▸ HOW TO COMPLETE THIS TASK
Reproduce the lines below exactly. Skip images.

▸ AVAILABLE DATA
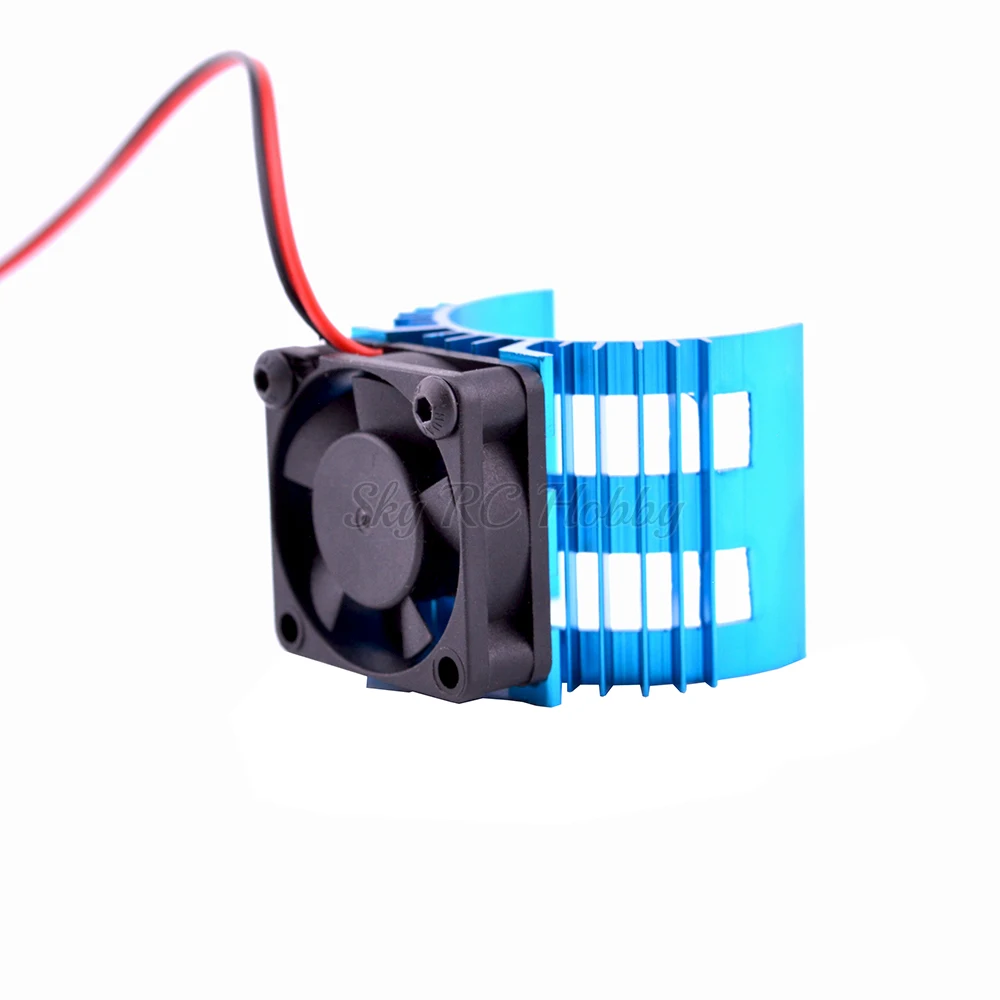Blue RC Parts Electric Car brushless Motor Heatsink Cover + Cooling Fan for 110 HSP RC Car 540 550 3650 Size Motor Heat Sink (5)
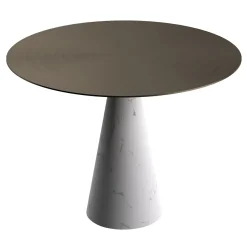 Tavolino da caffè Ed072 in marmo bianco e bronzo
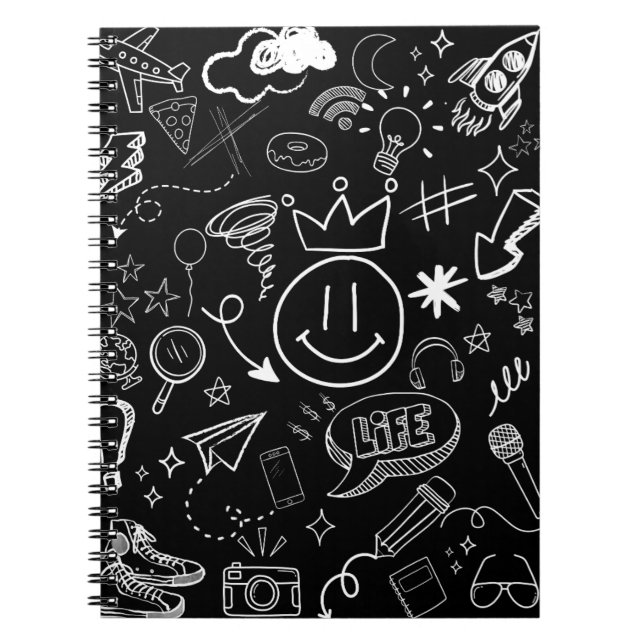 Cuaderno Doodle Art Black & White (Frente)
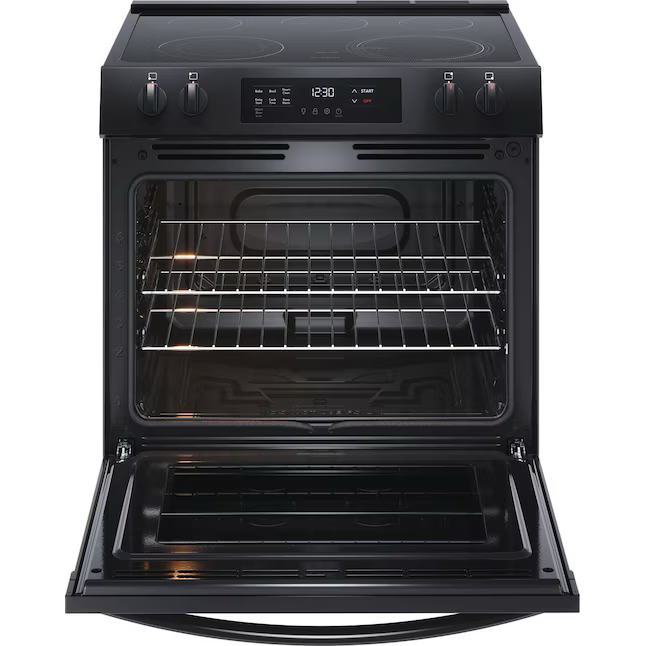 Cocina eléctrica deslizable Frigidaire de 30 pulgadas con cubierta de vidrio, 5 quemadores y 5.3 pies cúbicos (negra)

▸ SOLUTION FOR THIS TASK
Blue RC Parts Electric Car brushless Motor Heatsink Cover + Cooling Fan for 110 HSP RC Car 540 550 3650 Size Motor Heat Sink (5)
 Tavolino da caffè Ed072 in marmo bianco e bronzo
 Cuaderno Doodle Art Black & White (Frente)
 Cocina eléctrica deslizable Frigidaire de 30 pulgadas con cubierta de vidrio, 5 quemadores y 5.3 pies cúbicos (negra)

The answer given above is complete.